- Records shown -
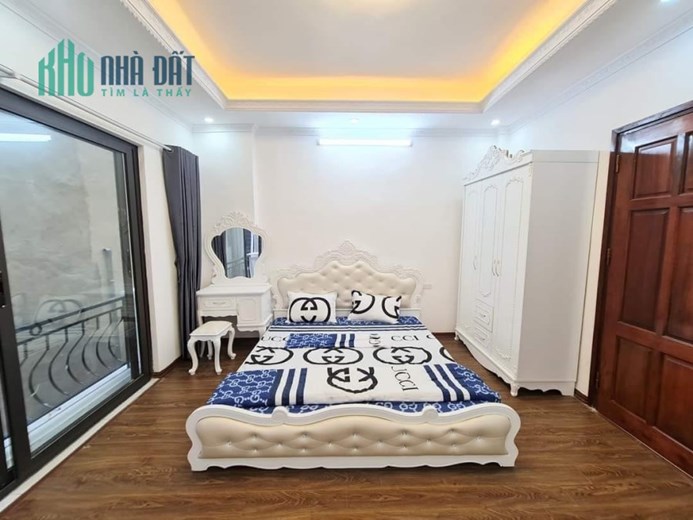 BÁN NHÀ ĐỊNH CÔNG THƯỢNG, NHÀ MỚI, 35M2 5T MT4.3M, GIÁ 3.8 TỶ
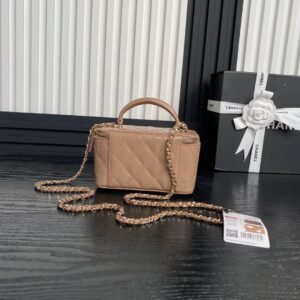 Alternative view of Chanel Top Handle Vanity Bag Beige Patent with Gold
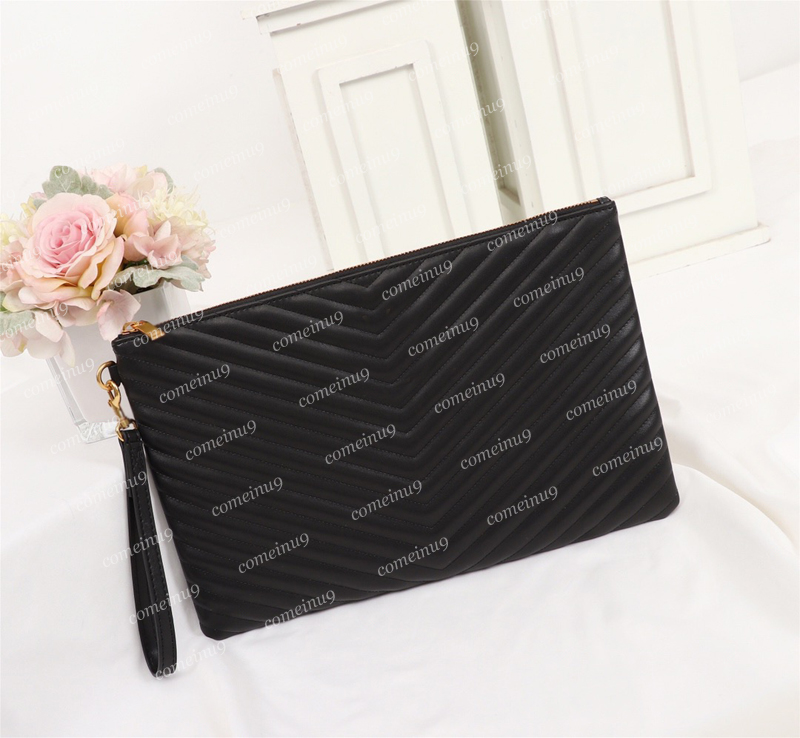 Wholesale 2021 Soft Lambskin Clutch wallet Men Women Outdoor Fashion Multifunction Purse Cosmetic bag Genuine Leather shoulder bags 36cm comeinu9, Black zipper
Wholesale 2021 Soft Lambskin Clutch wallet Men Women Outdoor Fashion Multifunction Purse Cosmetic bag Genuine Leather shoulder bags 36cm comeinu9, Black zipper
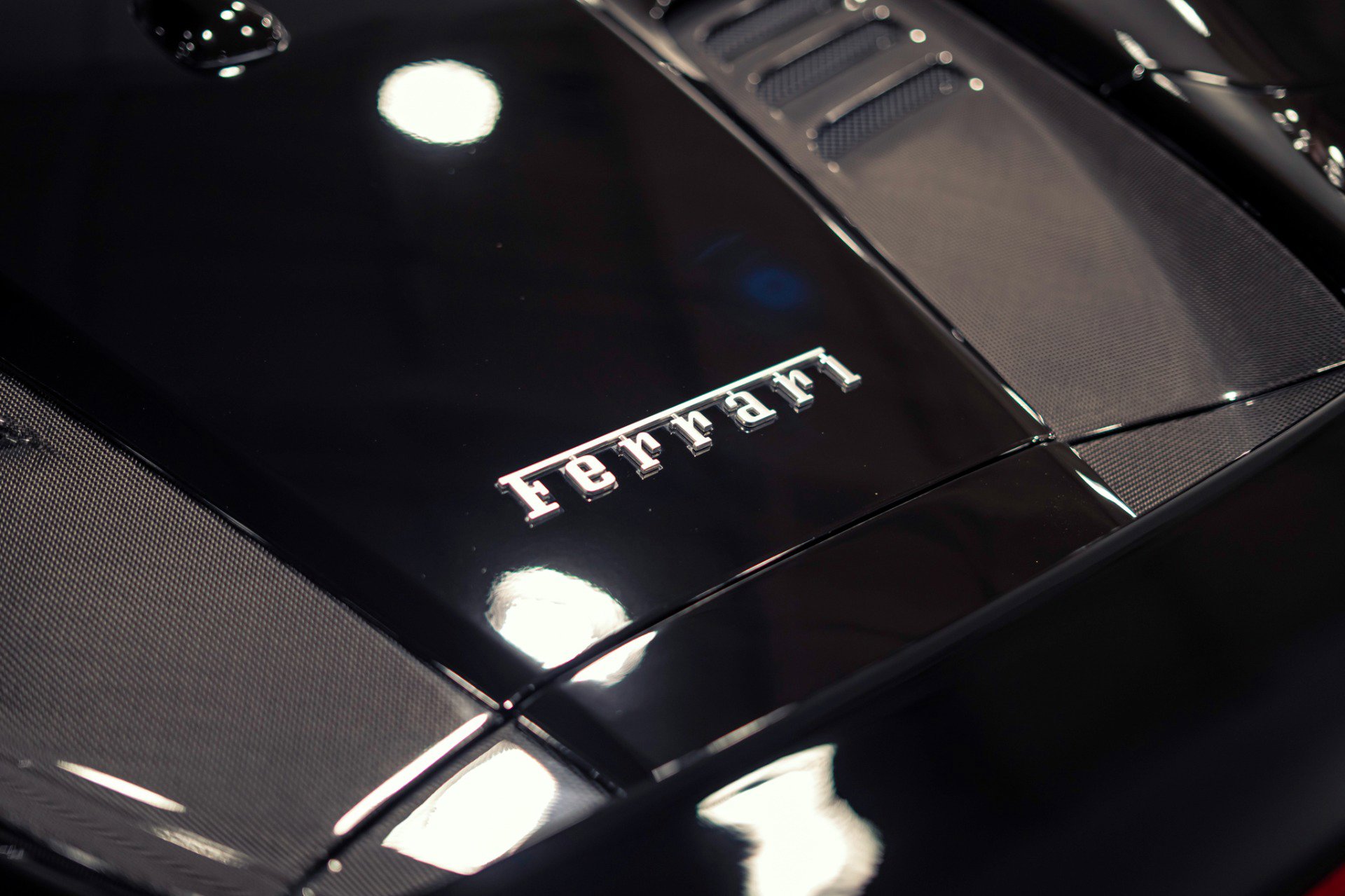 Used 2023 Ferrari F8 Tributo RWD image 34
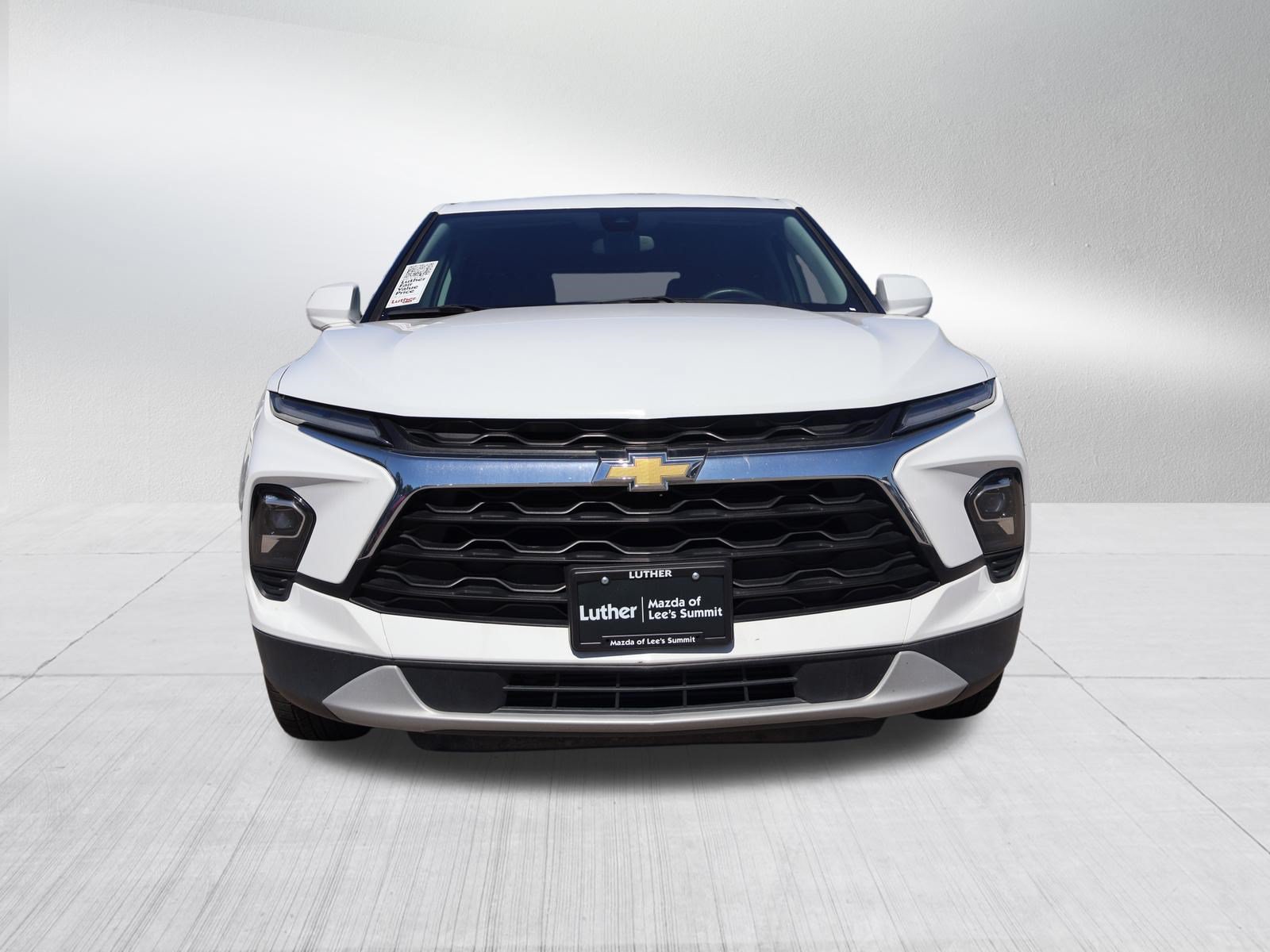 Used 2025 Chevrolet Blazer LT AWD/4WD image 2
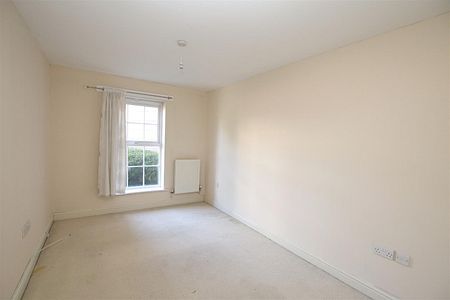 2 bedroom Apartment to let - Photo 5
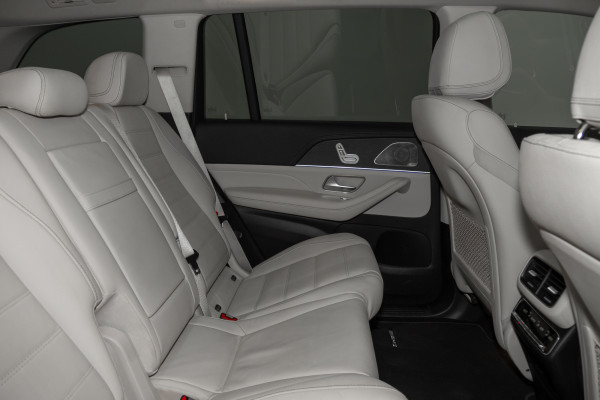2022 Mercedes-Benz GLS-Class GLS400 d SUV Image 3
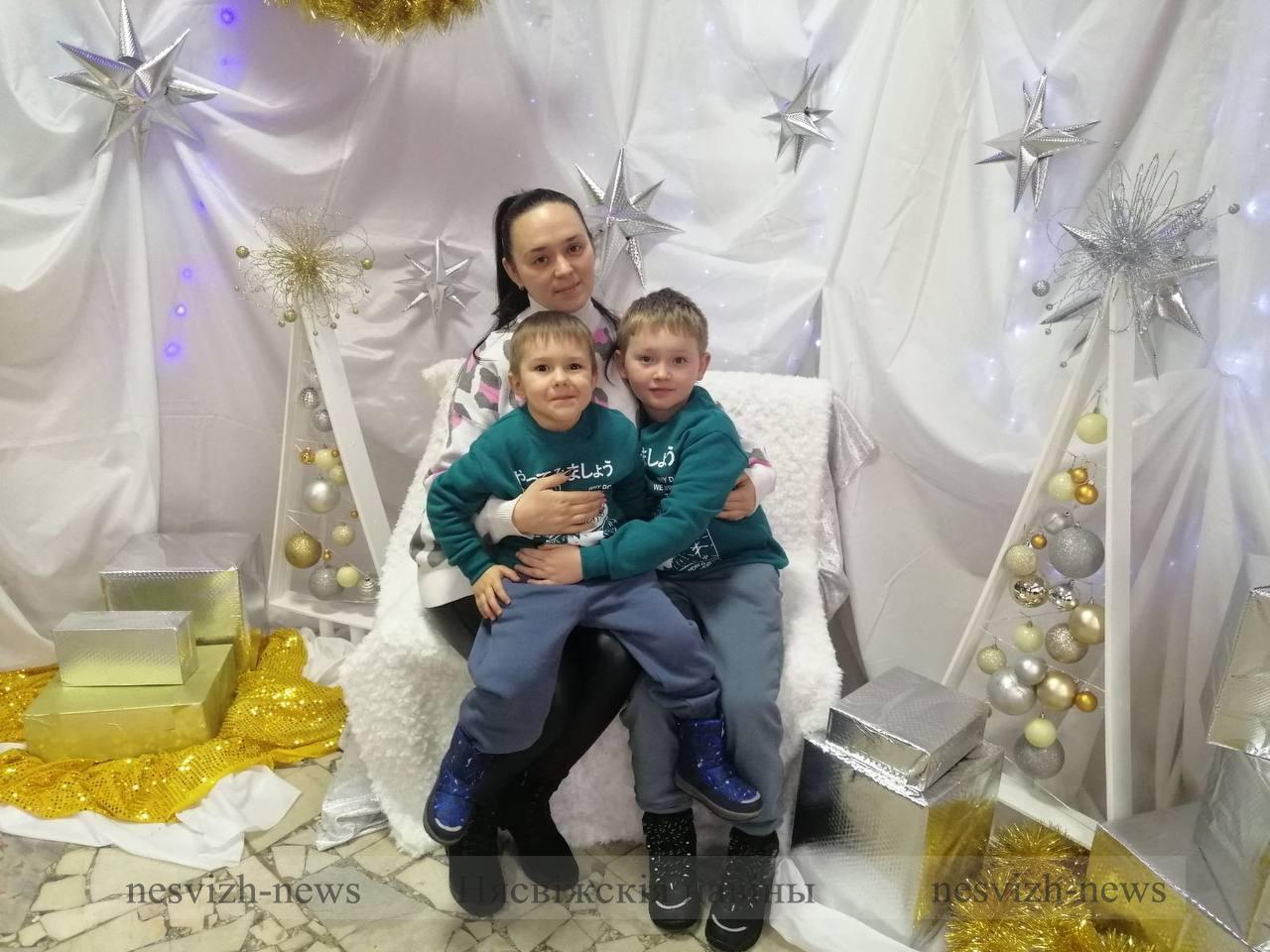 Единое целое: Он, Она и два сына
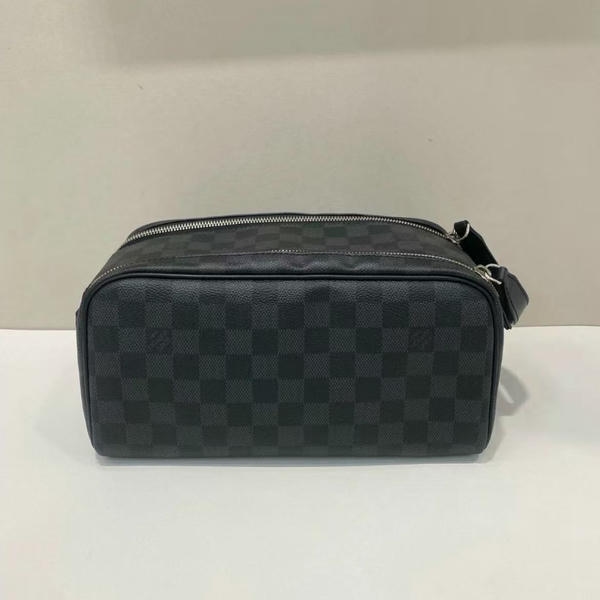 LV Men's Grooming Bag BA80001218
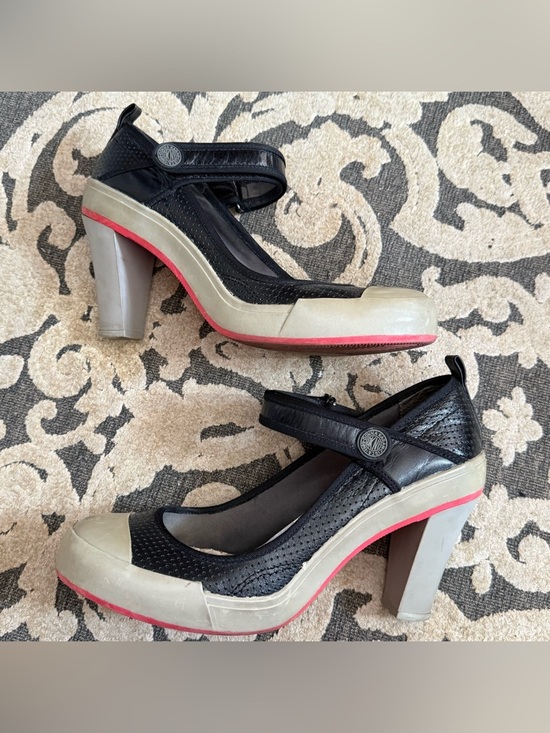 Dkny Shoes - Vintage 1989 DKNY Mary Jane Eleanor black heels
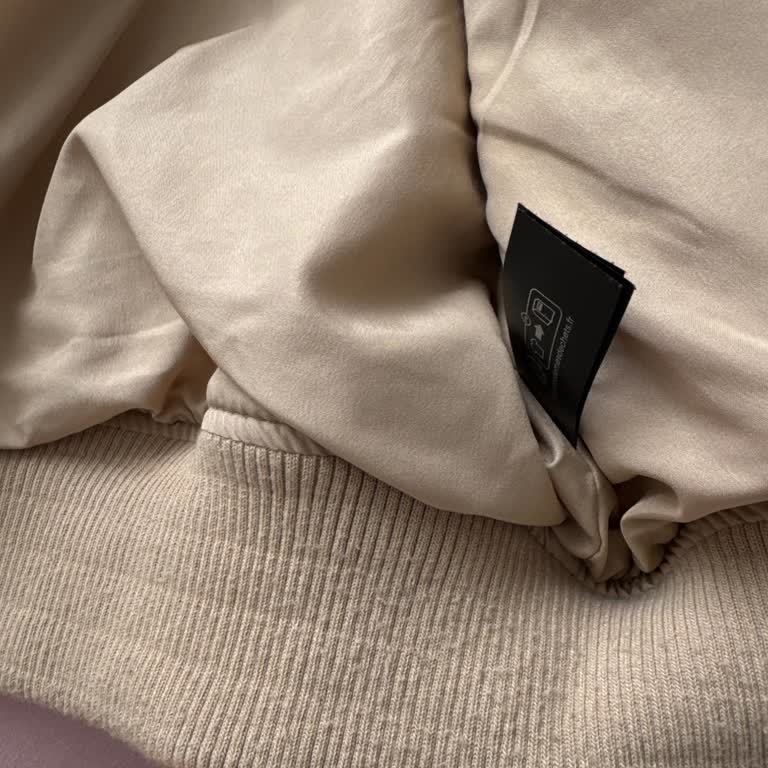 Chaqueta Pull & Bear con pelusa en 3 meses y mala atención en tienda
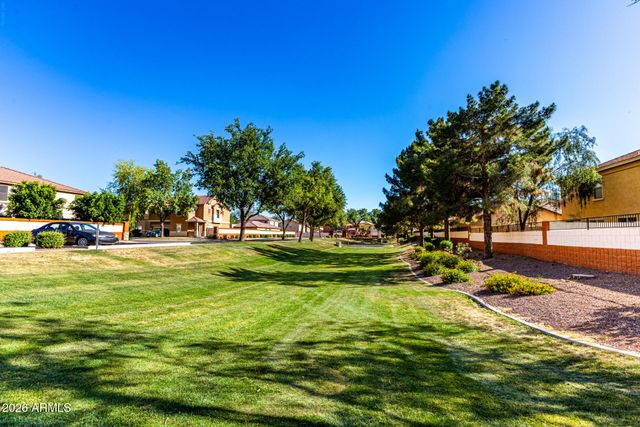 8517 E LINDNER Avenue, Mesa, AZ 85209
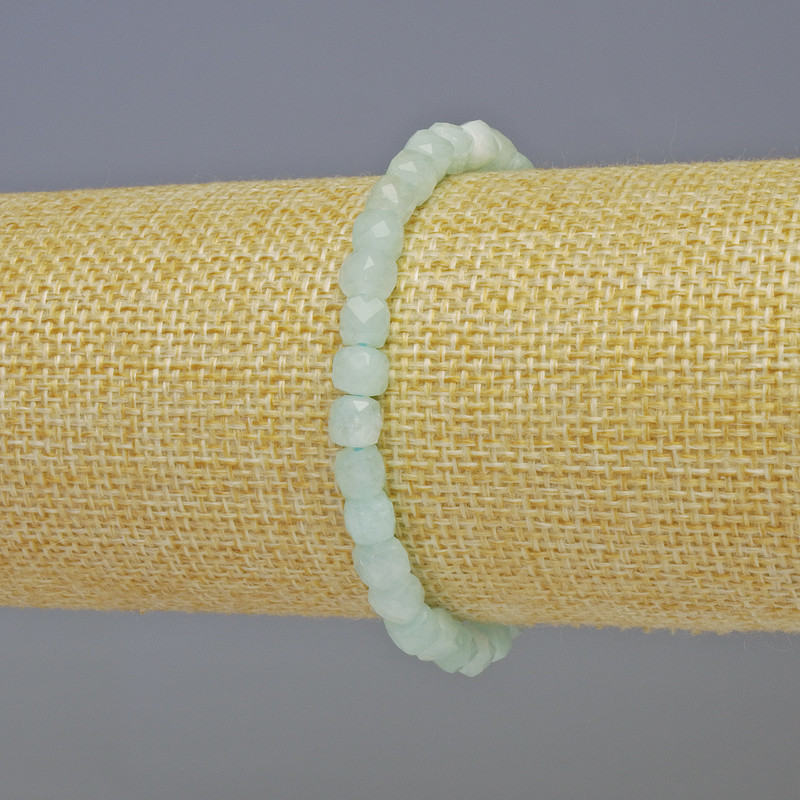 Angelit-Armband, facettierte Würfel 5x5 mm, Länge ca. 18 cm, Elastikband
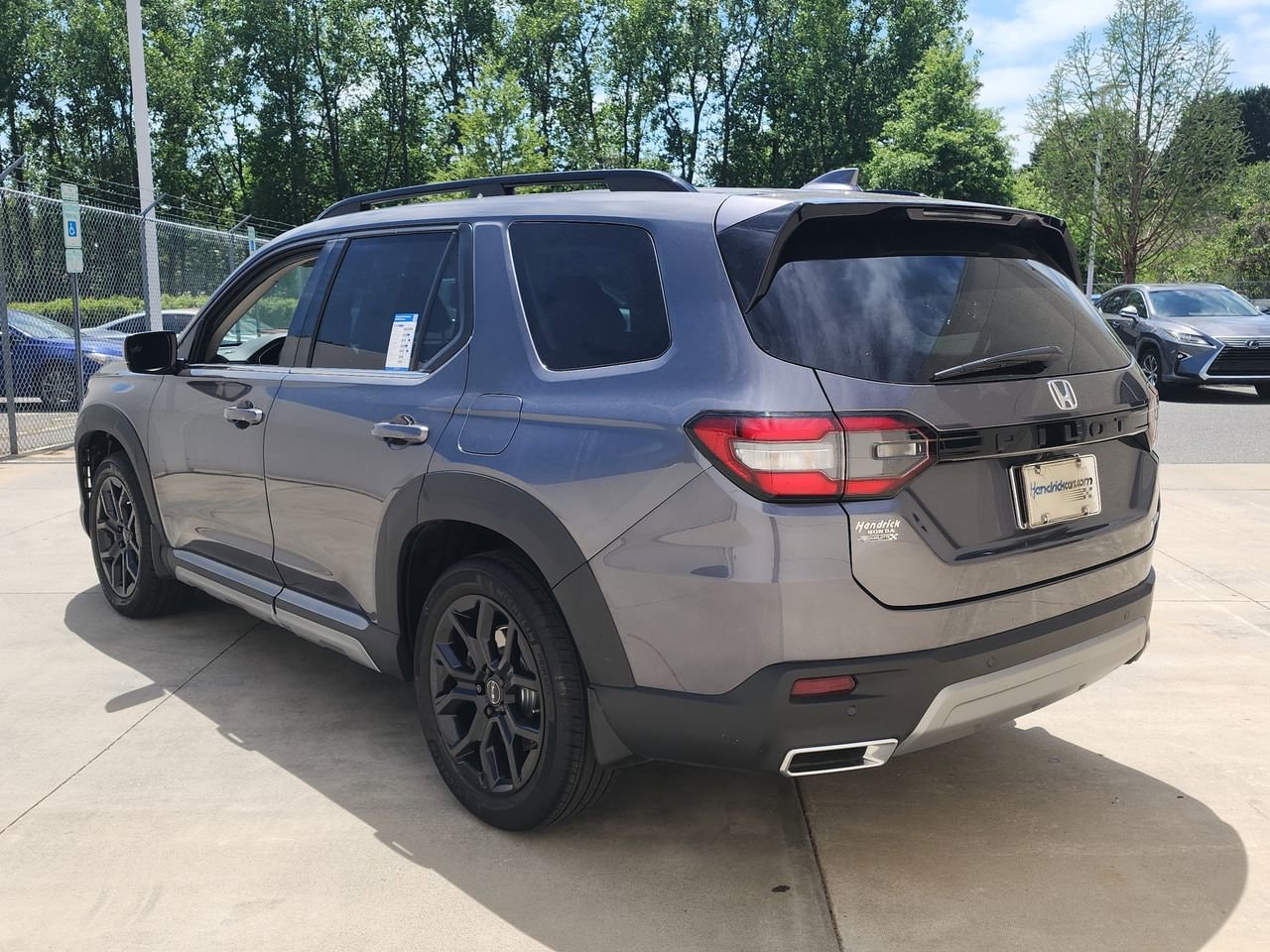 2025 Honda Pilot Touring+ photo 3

- What to do -
Retype the data above exactly. Do not carry over any images.

- Task result -
 BÁN NHÀ ĐỊNH CÔNG THƯỢNG, NHÀ MỚI, 35M2 5T MT4.3M, GIÁ 3.8 TỶ
 Alternative view of Chanel Top Handle Vanity Bag Beige Patent with Gold
 Wholesale 2021 Soft Lambskin Clutch wallet Men Women Outdoor Fashion Multifunction Purse Cosmetic bag Genuine Leather shoulder bags 36cm comeinu9, Black zipper
Wholesale 2021 Soft Lambskin Clutch wallet Men Women Outdoor Fashion Multifunction Purse Cosmetic bag Genuine Leather shoulder bags 36cm comeinu9, Black zipper
 Used 2023 Ferrari F8 Tributo RWD image 34
 Used 2025 Chevrolet Blazer LT AWD/4WD image 2
 2 bedroom Apartment to let - Photo 5
2022 Mercedes-Benz GLS-Class GLS400 d SUV Image 3
 Единое целое: Он, Она и два сына
 LV Men's Grooming Bag BA80001218
 Dkny Shoes - Vintage 1989 DKNY Mary Jane Eleanor black heels
 Chaqueta Pull & Bear con pelusa en 3 meses y mala atención en tienda
 8517 E LINDNER Avenue, Mesa, AZ 85209
 Angelit-Armband, facettierte Würfel 5x5 mm, Länge ca. 18 cm, Elastikband
 2025 Honda Pilot Touring+ photo 3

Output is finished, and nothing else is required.